▶ _What the exercise asks_:
Could you restate word for word every line from the one containing "2019 Hyundai Tucson Active X TL3" to the end of the data below, pictures excluded?

▶ _Data block_:
^^^^

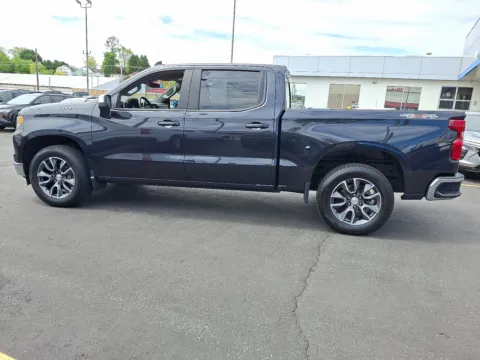 Photos of 2023 Chevrolet Silverado 1500 4WD Crew Cab Short Bed LT with 2FL for sale in Allentown, PA at Outten Chevrolet Allentown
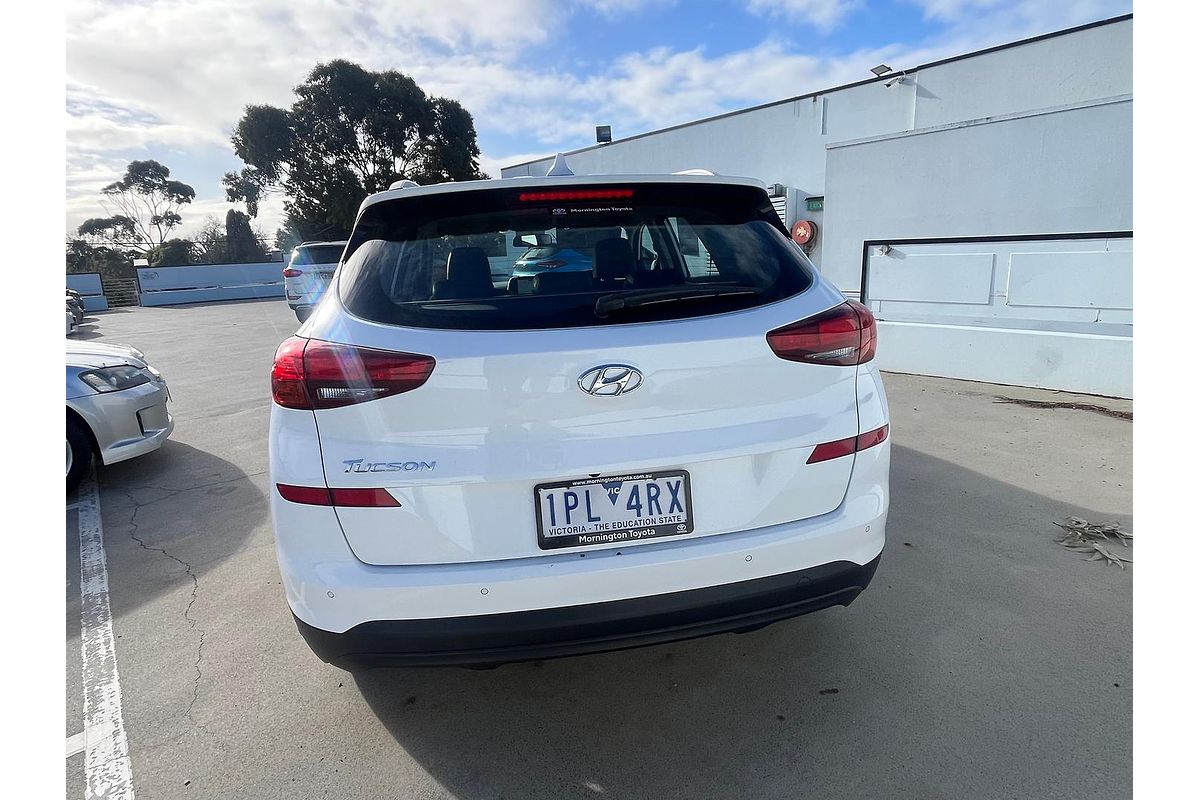 2019 Hyundai Tucson Active X TL3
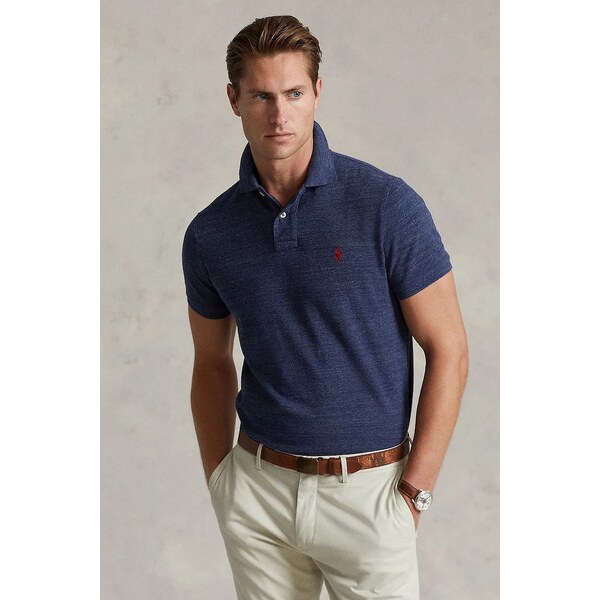 Bavlnené polo tričko Polo Ralph Lauren 64857217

^^^^

▶ _Result_:
 2019 Hyundai Tucson Active X TL3
 Bavlnené polo tričko Polo Ralph Lauren 64857217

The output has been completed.